Pour Gabriel Setruk et Pierre Guigui, en hommage amical

   Les Judéens envoyés en exil cultivaient la nostalgie du retour. Convaincus par le prophète Ézéchiel, la diaspora accordait à la Jérusalem d’en-haut plus d’importance qu’à la Jérusalem d’en-bas, toujours fragile et exposée aux invasions meurtrières.

La Jérusalem terrestre préfigure la Jérusalem céleste, où Dieu sera tout en tous. Les pierres sacrées de la vieille ville renvoient à cette Jérusalem d’en-haut faite de pierres vivantes. Suite à sa destruction par les Mèdes, puis une seconde fois par le Romain Titus en l’an 70, Jérusalem a revêtu une importance symbolique décisive. Dans la symbolique du judaïsme Jérusalem est la Cité de Dieu, comme l’a vue saint Augustin, la Montagne sainte. Son Temple cimente la communauté juive.

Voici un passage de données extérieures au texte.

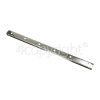 Whirlpool MDW1306BI Rail - Basket Inner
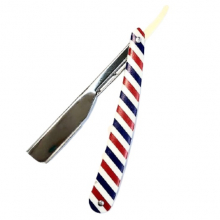 Brici Plastic USA - 1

Jérusalem sera toujours le symbole de la tension entre la cité terrestre, faite de main d’homme, et la cité céleste, qui vient d’en haut. Promesse de l’unité à venir de tous les enfants d’Abraham, elle est, aujourd’hui, au cœur d’une tension féconde entre l’Orient et l’Occident. En observant tous les regards des enfants d’Abraham se tourner vers la ville sainte, on peut parler d’un « œcuménisme pèlerin ».

C’est à Jérusalem que se situe le tombeau de Jésus de Nazareth, vide depuis sa Résurrection qui atteste l’irruption de l’inconditionné divin dans l’histoire. C’est là que naît la première communauté chrétienne. Jérusalem joue encore un rôle essentiel dans le symbolisme de l’islam. Au temps de la dynastie des Omeyyades, au VIIIe siècle, elle est la troisième des villes saintes, après La Mecque et Médine. Les califes Omeyyades y construiront le Dôme du Rocher, en 691, d’où l’on fait partir le voyage nocturne du Prophète qu’évoque la Sourate 17, et c’est là que sera construite, au début du VIIIe siècle, la Mosquée Al-Aqsa.

Chacune des trois religions renvoie à une transcendance. Le christianisme en témoigne comme la réponse de l’homme à une manifestation de la transcendance dans l’histoire.

Ici, la transcendance s’appuie sur le constat apodictique de l’existence du monde. Chacune des trois religions monothéistes renvoie à l’existence d’un monde au-delà du monde de la conscience, à un Être inaccessible garant du sens de l’existence du monde de l’expérience. Ce serait peut-être là que se situe le cœur du religieux : dans le fait que l’homme ne se contente pas de son immanence propre et finie, mais qu’il se conçoive en référence à une transcendance.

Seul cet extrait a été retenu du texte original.